The National Transportation Safety Board and the Coast Guard are investigating the tragedy. Another duck boat carrying passengers also got caught up in the storm but it made it safely to shore.
Duck boats are made for transport on land and water. They were used by the military in World War II to transport troops and supplies. Later they became popular amphibious sightseeing vessels in Boston, Philadelphia, Seattle and resort communities. But they have mixed safety records.
Thirteen people drowned on May 2, 1999, on Lake Hamilton at Hot Springs, Arkansas, when a duck boat took on water due to a mechanical failure. The NTSB investigation blamed inadequate maintenance for the accident, and also recommended such boats remove their hard top canopies and require all passengers to wear life jackets at the outset of a tour as additional safety measures. Neither recommendation was adopted as a mandatory regulation by the Coast Guard, which registers and inspects duck boats.
Jim Pattison Jr., president of Ripley Entertainment Inc. of Orlando, Florida, owner of Ride the Ducks Branson, said the boats are stocked with life jackets but passengers are not required to wear them. He said the lake was calm when the ill-fated boat left the dock on Thursday evening and that the storm came on quickly once the vessel was in the water for several minutes.
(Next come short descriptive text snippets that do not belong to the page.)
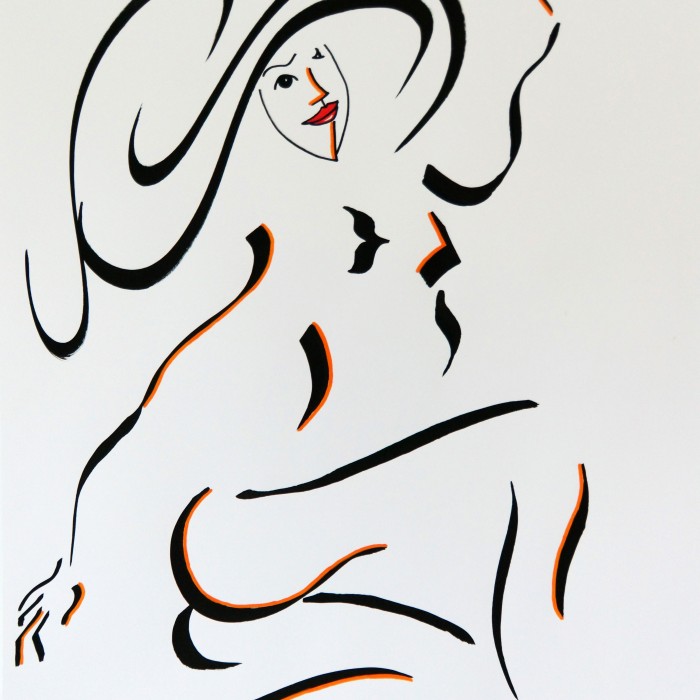 vide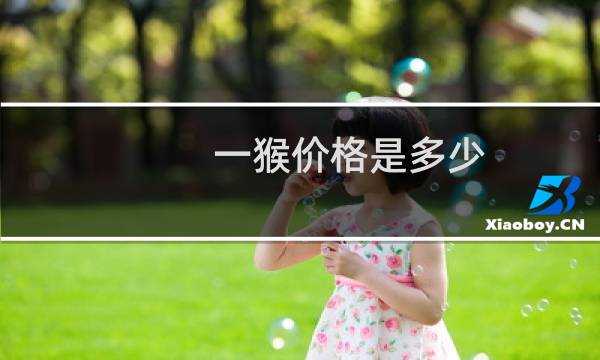 一猴价格是多少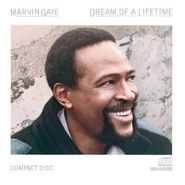Marvin Gaye, Dream Of A Lifetime [1985 Issue] (LP)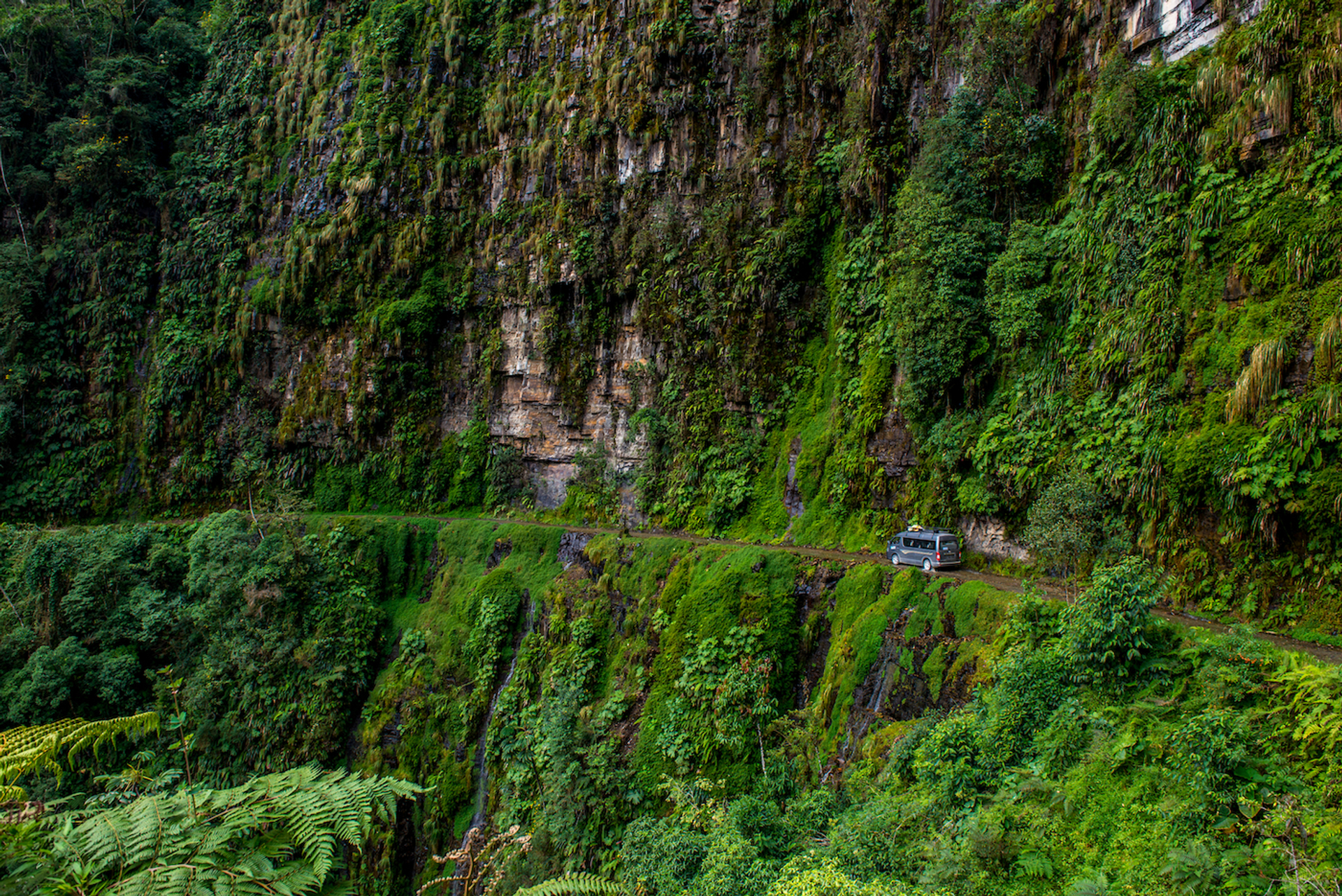 Andrew_Clifforth-1665668857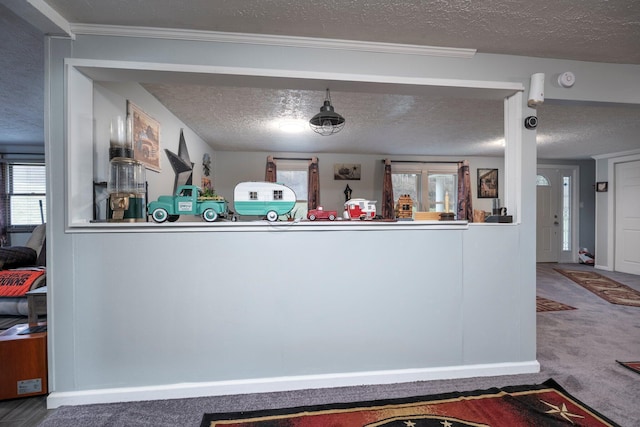 interior space with a wealth of natural light, carpet flooring, and a textured ceiling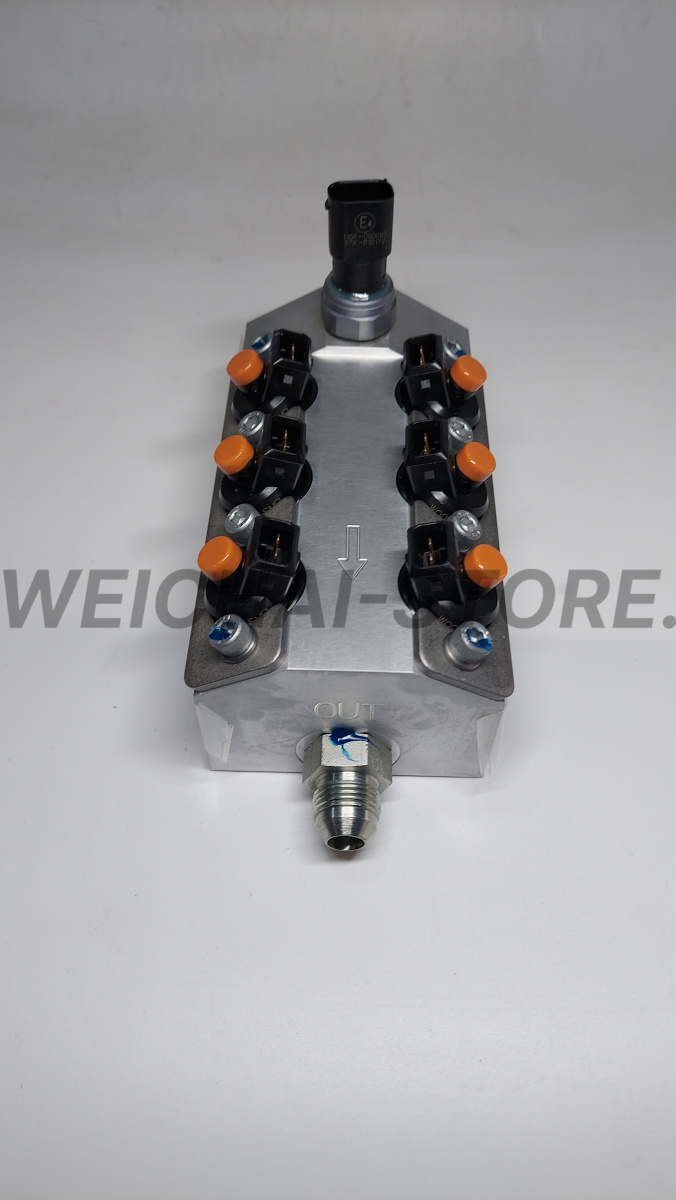 612600191588 Модуль газовых форсунок в сборе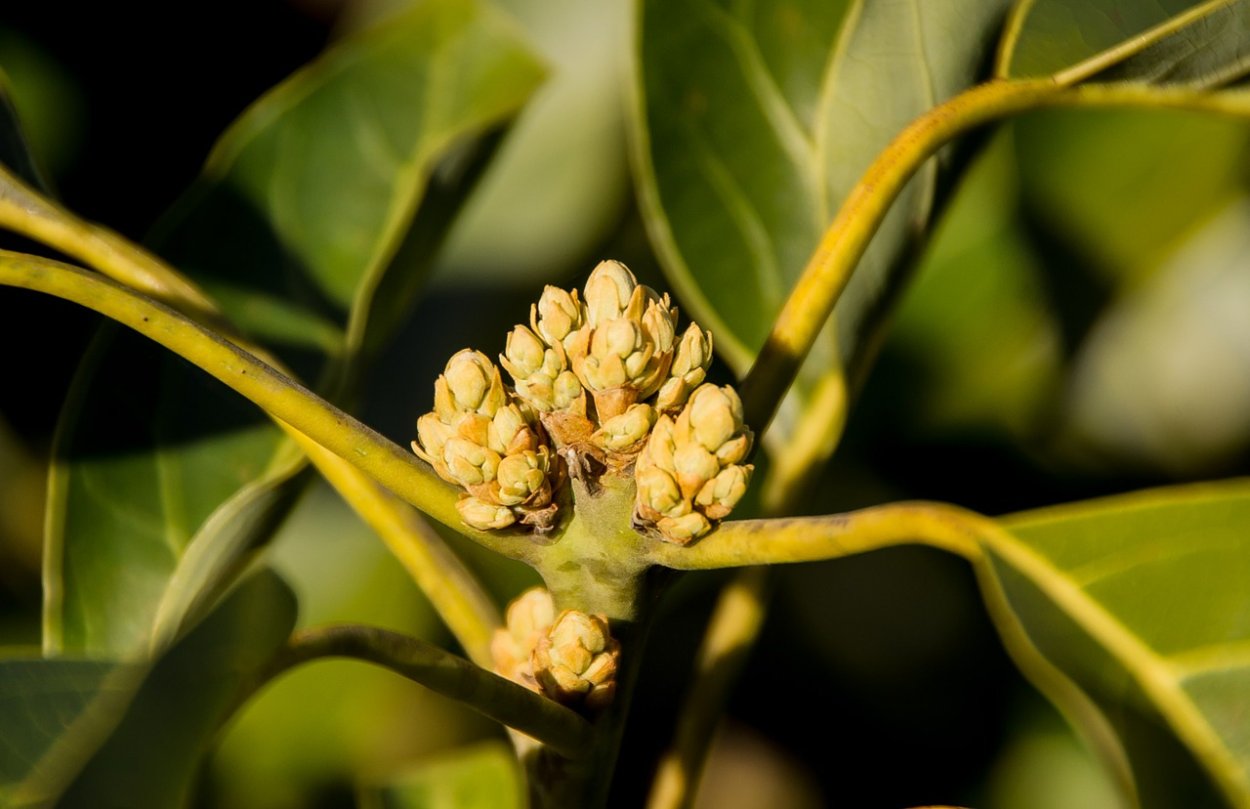 Цветущее дерево авокадо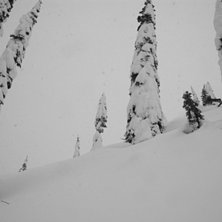 Det &auml;r bra med sn&ouml; i Kanada. 
&Aring;K DIT!!!. Foto: Mats Nystr&ouml;m. &Aring;kare: Eigil.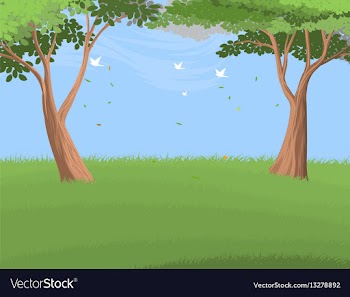 Forest trees vector image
Pattison said the boats normally spend 15 to 20 minutes in the water on a circular route on Table Rock Lake.
He did not answer questions why the boat and a companion vessel went onto the lake at a time the U.S. Weather Bureau in nearby Springfield, Missouri, was predicting major storms for the area.
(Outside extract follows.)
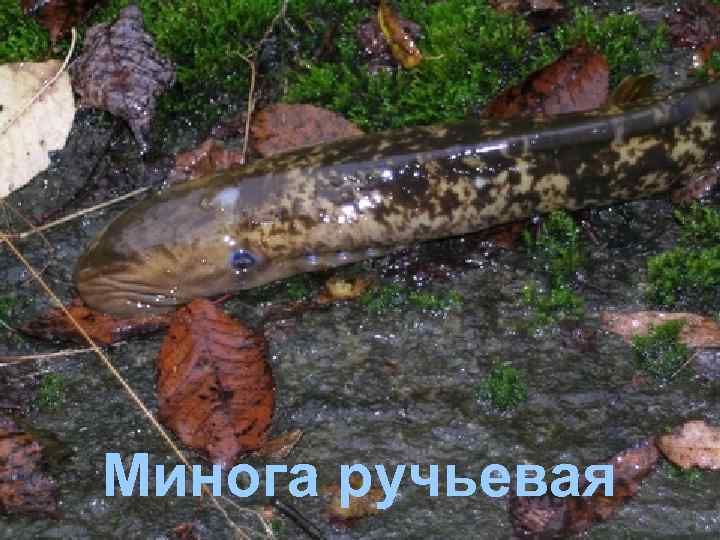 Минога ручьевая 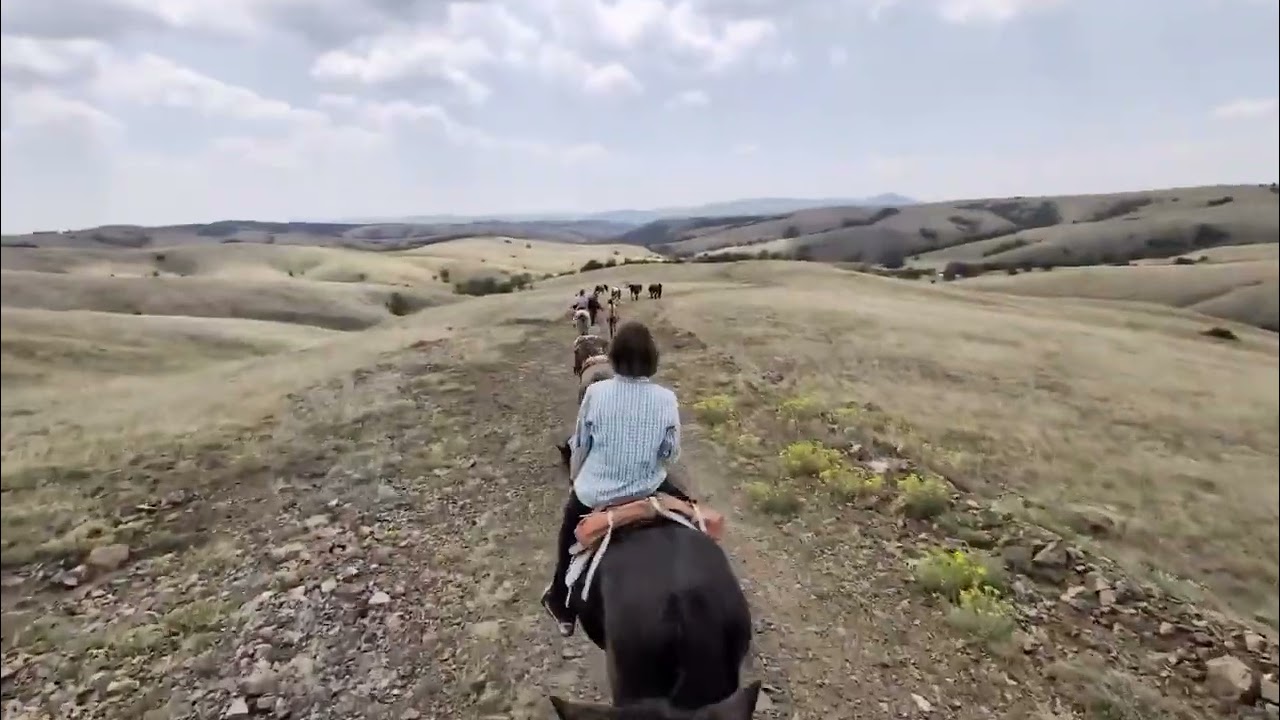 horse adventure serbia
The Stone County Sheriff’s Office released the list of those who died:
n Arya Coleman, 1, Indianapolis.
n Maxwell Coleman, 2, Indianapolis.
n Evan Coleman, 7, Indianapolis.
n Reece Coleman, 9, Indianapolis.
n Glenn Coleman, 40, Indianapolis.
n Angela Coleman, 45, Indianapolis.
n Belinda Coleman, 69, Indianapolis.
n Horace Coleman, 70, Indianapolis.
n Ervin Coleman, 76, Indianapolis.
n William Asher, 69, St. Louis.
n Rosemarie Hamann, 68, St. Louis.
n Leslie Dennison, 64, Illinois.
n Lance Smith, 15, Osceola, Arkansas.
n Steve Smith, 53, Osceola, Arkansas.
n Janice Bright, 63, Higginsville, Missouri.
n William Bright, 65, Higginsville, Missouri.
n Bob Williams, 73, duck boat driver, Branson.
The Associated Press contributed to this story.